Tuesday, May 02, 2006

New Army documents reveal US knew of and
approved torture before Abu Ghraib scandal

From the Raw Story courtesy of AlterNet:

"When our leaders allow and even encourage abuse at the 'outer limits', America suffers," said Anthony D. Romero, ACLU Executive Director. "A nation that works to bring freedom and liberty to other parts of the world shouldn't stomach brutality and inhumanity within its ranks. This abuse of power was engineered and accepted at the highest levels of our government."
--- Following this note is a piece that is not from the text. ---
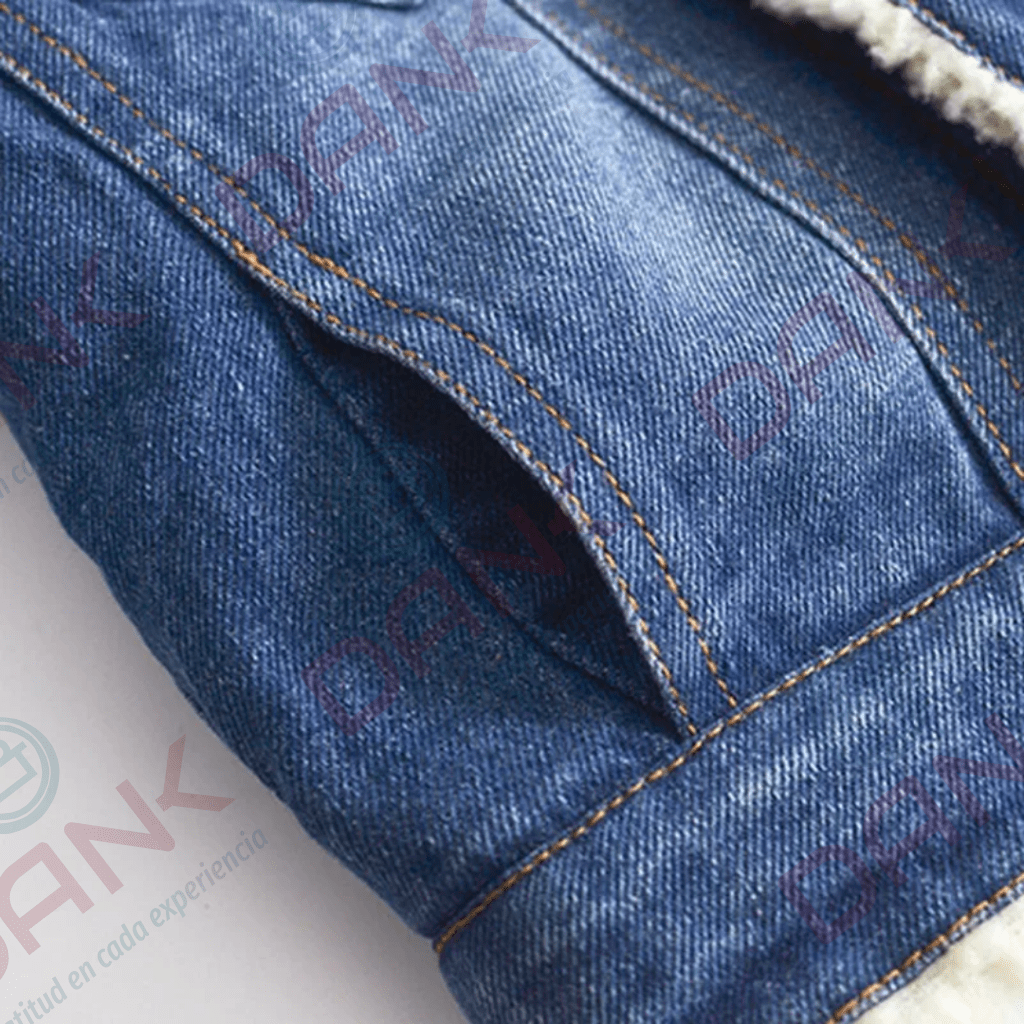Chaqueta Kids Denim - Imagen 8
Among the documents released today by the ACLU is a May 19, 2004 Defense Intelligence Agency document implicating Sanchez in potentially abusive interrogation techniques. In the document, an officer in charge of a team of interrogators stated that there was a 35-page order spelling out the rules of engagement that interrogators were supposed to follow, and that they were encouraged to "go to the outer limits to get information from the detainees by people who wanted the information." When asked to whom the officer was referring, the officer answered "LTG Sanchez." The officer stated that the expectation coming from "Headquarters" was to break the detainees.

Click here for the rest.

Of course, the torture mandate was approved at the very highest levels. That’s what the left, and others, have been saying for a couple of years now. It’s been far too widespread to be just a bunch of “isolated incidents.” The methods have been far too similar to have not been taught to the soldiers who carried it out. Numerous Oval Office attempts to find legal justifications to ignore the Geneva Conventions, Bush’s bizarre “signing statement” essentially nullifying Congress’ recent anti-torture legislation, and the White House’s lukewarm denials all indicate that this whole torture scandal comes from the tip top. It’s totally obvious. So, great, now we have documents implicating a general. When do we get the smoking gun that nails Bush to the wall?